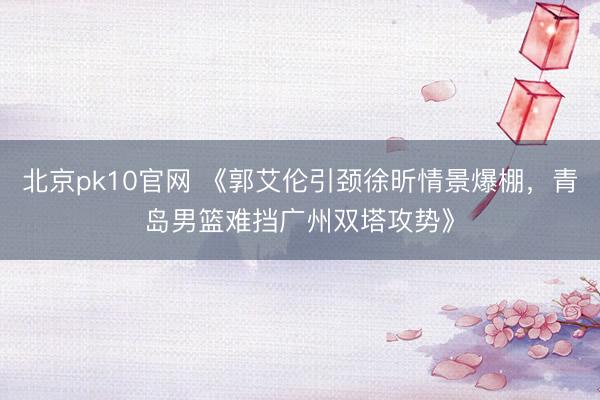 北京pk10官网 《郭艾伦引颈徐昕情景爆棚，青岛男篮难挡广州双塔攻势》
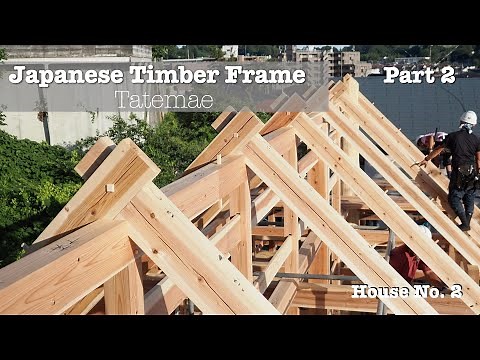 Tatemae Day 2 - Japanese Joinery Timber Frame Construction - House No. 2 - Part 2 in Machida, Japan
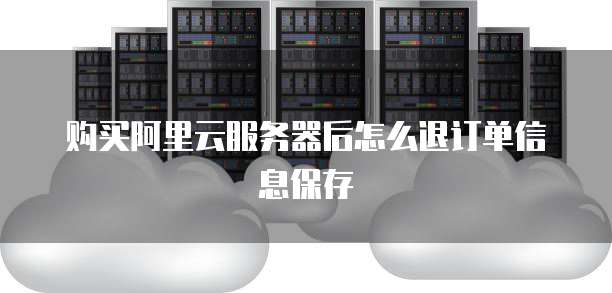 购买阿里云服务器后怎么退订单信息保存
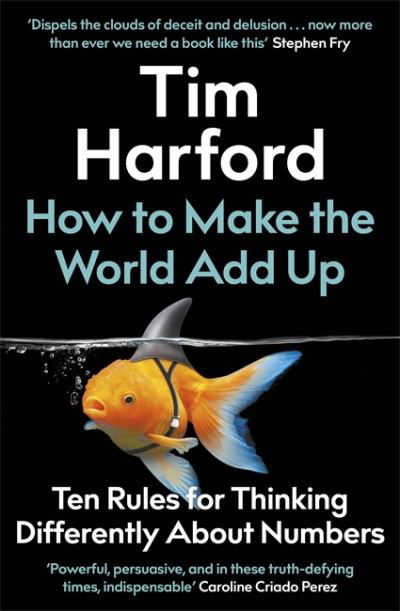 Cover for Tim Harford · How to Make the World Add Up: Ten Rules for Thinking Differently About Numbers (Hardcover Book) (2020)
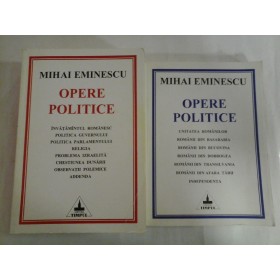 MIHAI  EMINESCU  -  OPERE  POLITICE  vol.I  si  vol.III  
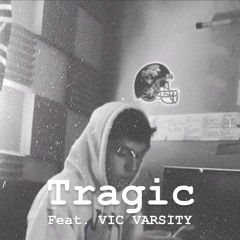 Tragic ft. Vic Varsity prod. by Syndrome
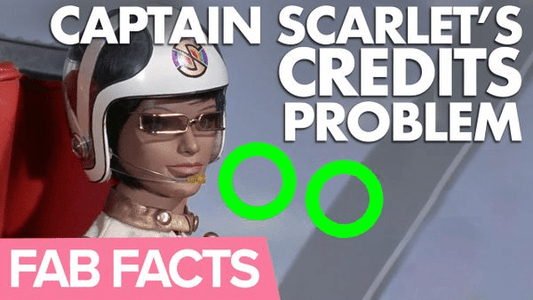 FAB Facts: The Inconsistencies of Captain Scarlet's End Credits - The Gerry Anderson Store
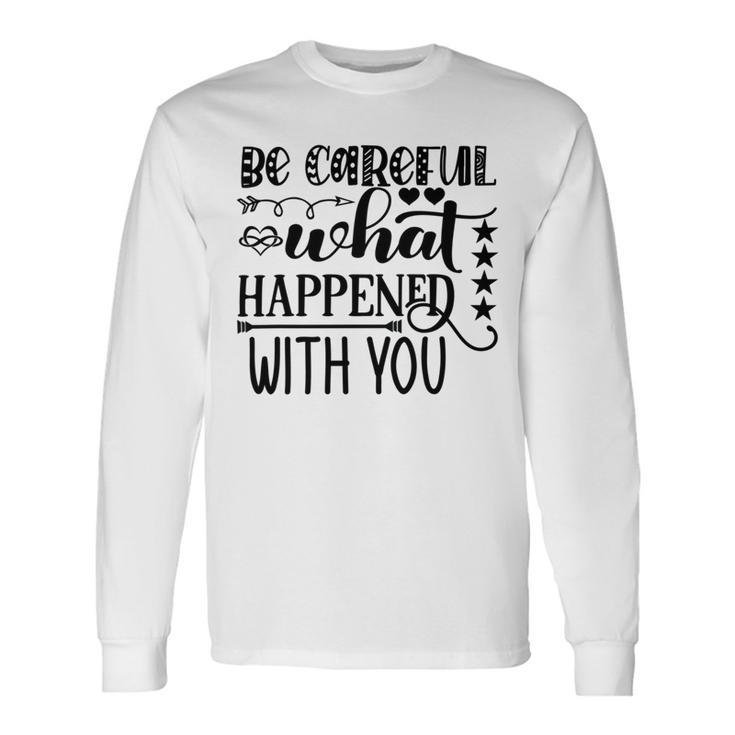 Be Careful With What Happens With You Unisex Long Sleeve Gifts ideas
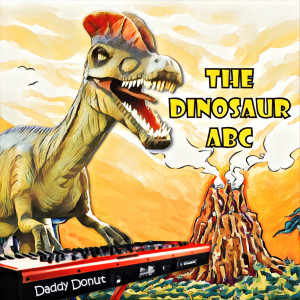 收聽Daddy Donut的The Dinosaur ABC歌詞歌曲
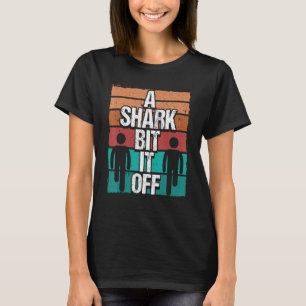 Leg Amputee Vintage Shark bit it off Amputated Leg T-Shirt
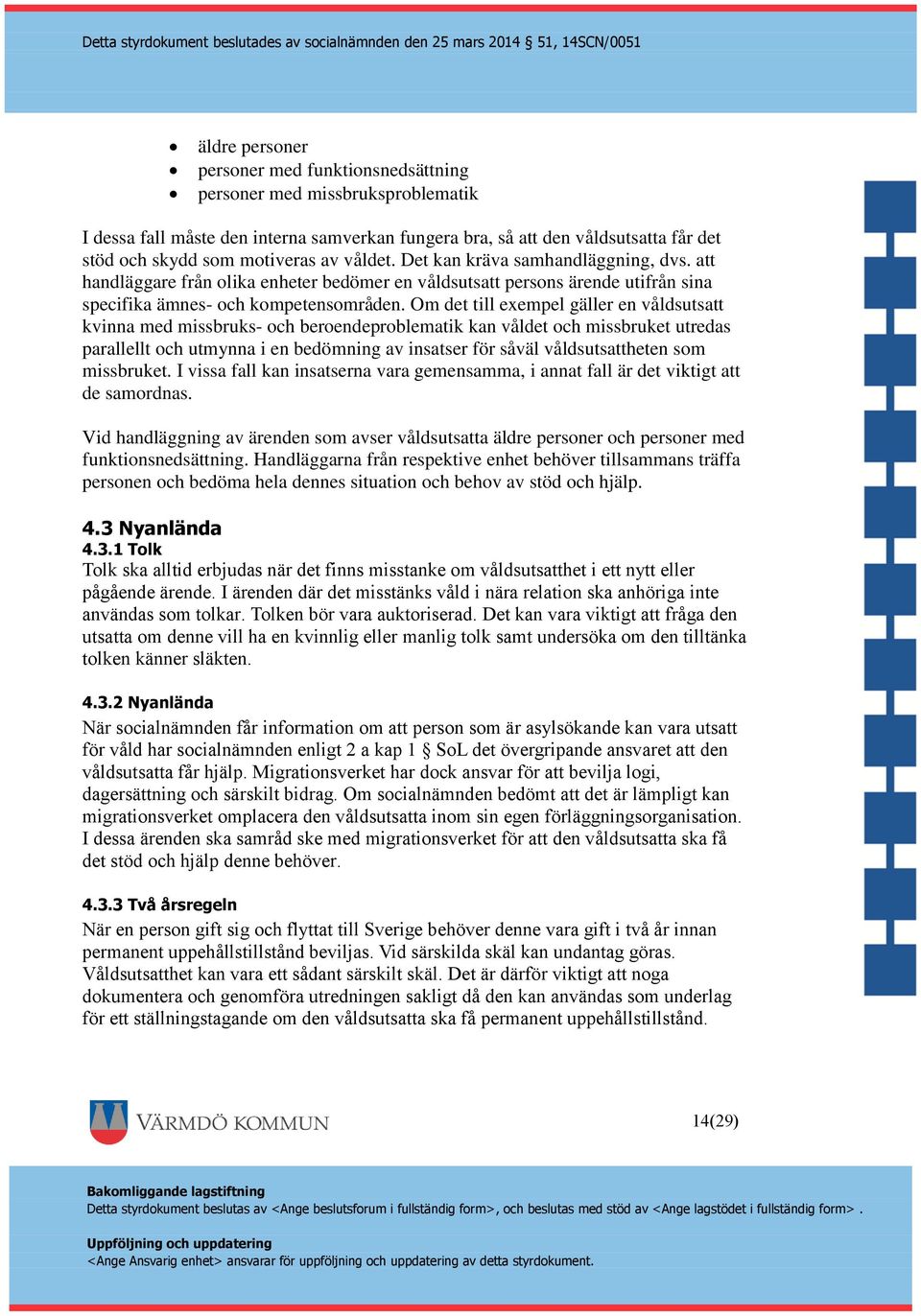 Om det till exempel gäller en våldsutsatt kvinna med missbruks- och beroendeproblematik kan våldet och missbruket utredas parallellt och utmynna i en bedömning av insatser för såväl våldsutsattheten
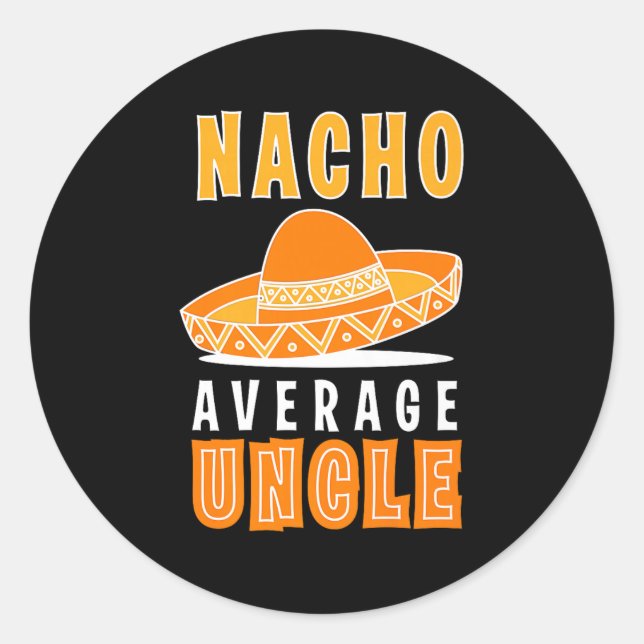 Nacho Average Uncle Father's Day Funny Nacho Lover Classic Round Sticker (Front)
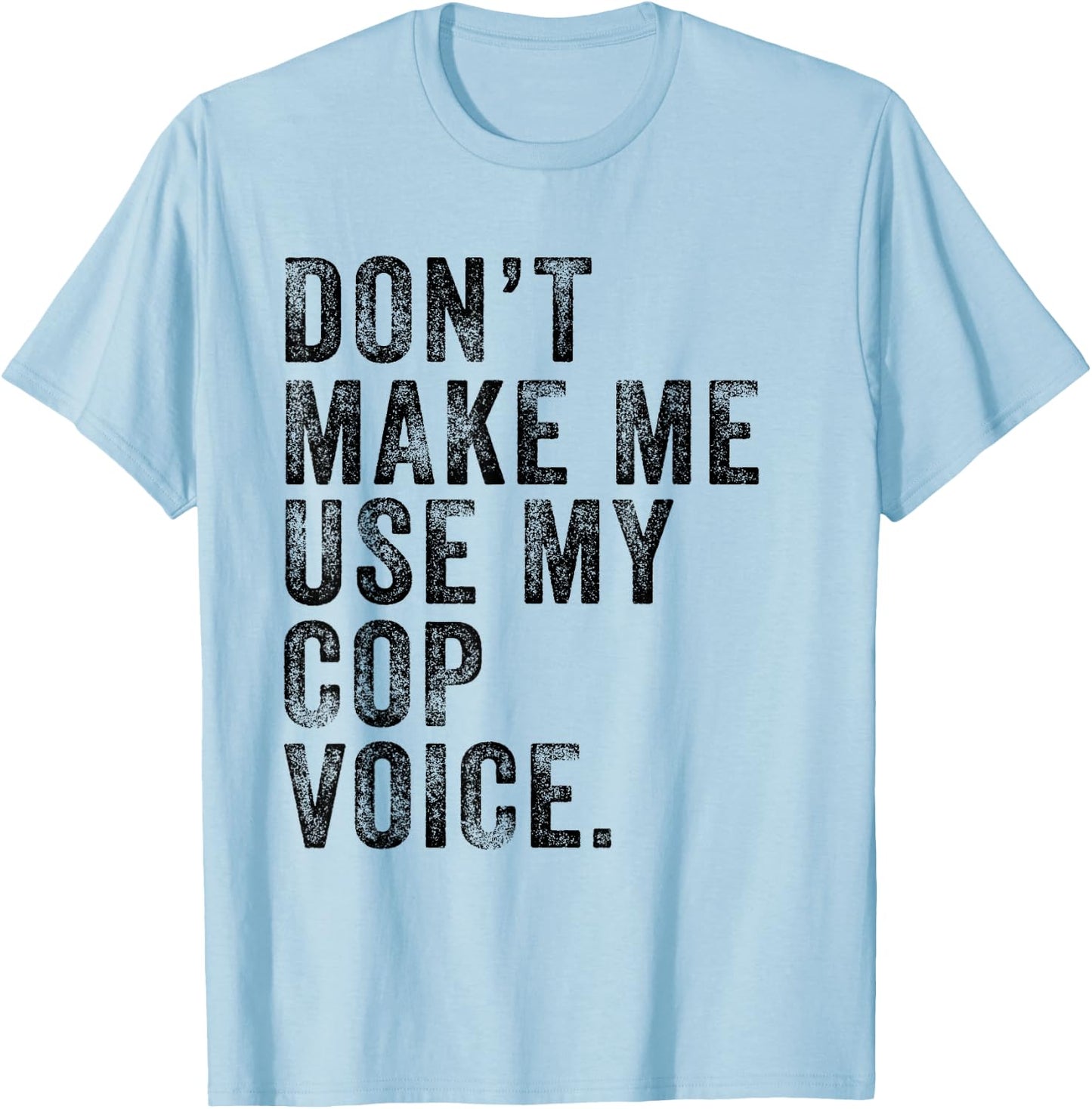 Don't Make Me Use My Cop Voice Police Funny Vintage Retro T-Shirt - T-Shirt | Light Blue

________________________

Problem to solve
Please retype only the lines from the line that holds "购买阿里云服务器后怎么退订单信息保存" through the end of the records, exactly as they stand, and drop every picture.

Response area
 购买阿里云服务器后怎么退订单信息保存
 Cover for Tim Harford · How to Make the World Add Up: Ten Rules for Thinking Differently About Numbers (Hardcover Book) (2020)
 MIHAI  EMINESCU  -  OPERE  POLITICE  vol.I  si  vol.III  
 Tragic ft. Vic Varsity prod. by Syndrome
 FAB Facts: The Inconsistencies of Captain Scarlet's End Credits - The Gerry Anderson Store
 Be Careful With What Happens With You Unisex Long Sleeve Gifts ideas
 收聽Daddy Donut的The Dinosaur ABC歌詞歌曲
 Leg Amputee Vintage Shark bit it off Amputated Leg T-Shirt
 Om det till exempel gäller en våldsutsatt kvinna med missbruks- och beroendeproblematik kan våldet och missbruket utredas parallellt och utmynna i en bedömning av insatser för såväl våldsutsattheten
 Nacho Average Uncle Father's Day Funny Nacho Lover Classic Round Sticker (Front)
 Don't Make Me Use My Cop Voice Police Funny Vintage Retro T-Shirt - T-Shirt | Light Blue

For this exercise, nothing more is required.